The Nuggets came together while the Suns split apart. Denver, a team that preaches chemistry, culture, synergy, ball movement, and unselfish play won out over an opponent that went out swinging with two 1-on-1 isolation scorers whose your-turn my-turn approach wilted in the face of a defense that no one took seriously all season long. Just because you have more guys who can “get you a bucket” doesn’t mean your offense is unguardable.

Of course, it was the figure at the center of this era of Denver basketball who set the tone in the Nuggets’ 125-100 series-clinching win over the Suns, who entered the series as the favorites to make it out of the West. Nikola Jokic finished with 32 points (13-18 FG’s) — Jokic offensive rebounded and scored two of his five misses Thursday night — 10 rebounds, 12 assists, 3 steals and 1 block. For the series, Jokic averaged 34.5 points (59.4 FG%, 44.4 3P%), 13.2 rebounds, 10.3 assists and the Nuggets outscored the Suns by 74 points in his 231 minutes. He outscored Devin Booker, who after the Suns’ Game 4 win was anointed by many, 207-185 in the series.

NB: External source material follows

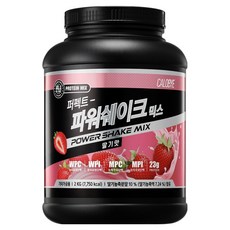 CALOBYE Perfect Power Shake 混合蛋白粉 草莓口味 金鐘國蛋白粉, 2kg, 1個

If you don’t believe Jokic is the best basketball player on earth, please seek help.

Everywhere you looked throughout the series, the culture that Denver constantly preaches was on display. Aaron Gordon, who Jokic called “the soul” of the Nuggets earlier this season, put on a pristine defensive performance. Kevin Durant averaged 29.5 points per game in the series but only shot 45.3% from the field. He shot 51.8% in Round 1 and 56% this regular season.

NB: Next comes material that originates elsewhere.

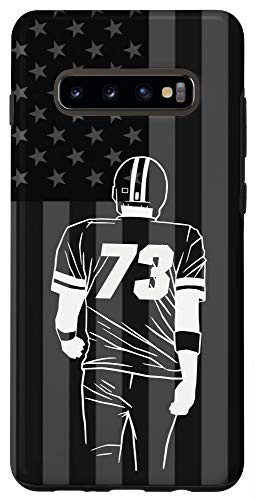 Galaxy S10Plus American Football Player Number 73 Case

Per tracking data, Durant shot 26-82 (38.2%) and finished with 11 assists and 11 turnovers when defended by Gordon in the series. Give Gordon his damn flowers. He’s the definition of a selfless player who bought into Denver’s culture and his role. He’ll do anything to win.

“He’s solid and so underrated in the role he plays for us,” Jamal Murray said of Gordon.

The Nuggets held the Suns — the team that was supposed to play Jokic off the floor in pick-and-rolls and have its way with Denver’s defense — to 100 points in Game 6. The Suns only scored 87 points in Game 2. They were limited to 102 points in Game 5. It turned out to be the other way around. The Nuggets were the ones who frustrated the Suns’ offense.

In classic Nuggets fashion, Game 6 was a total team win. Five Nuggets players scored in double-figures. Denver had three 20-point scorers — Jokic, Murray, and Kentavious Caldwell-Pope, whose first-quarter KC-Spree where he scored 17 points in the opening 12 minutes got Denver out to an initial lead. Bruce Brown gave Denver energy off the bench. Others stepped up when needed.

“It’s amazing to be a part of this journey, around these guys,” Jokic said. “And I think we can do something nice.”

And that’s what’s so exciting about what could be next for this group. As the clock ticked toward zero and the Nuggets’ second trip to the Western Conference Finals in four years became official, the camera panned to Jokic and Murray sitting on the bench and watching Denver’s reserves close Phoenix out. They didn’t even look that happy. They weren’t that excited. They were simply pleased that the Nuggets finished this job. It appeared that they were already on to what was next.

What’s next is Jokic, Murray, and Michael Malone’s second Conference Finals. Jokic, Murray, and Malone now have more trips to the Conference Finals than first-round exits on their resume as the best era of Nuggets basketball rolls on.

We’ll see if they can add the Finals to that list of accomplishments.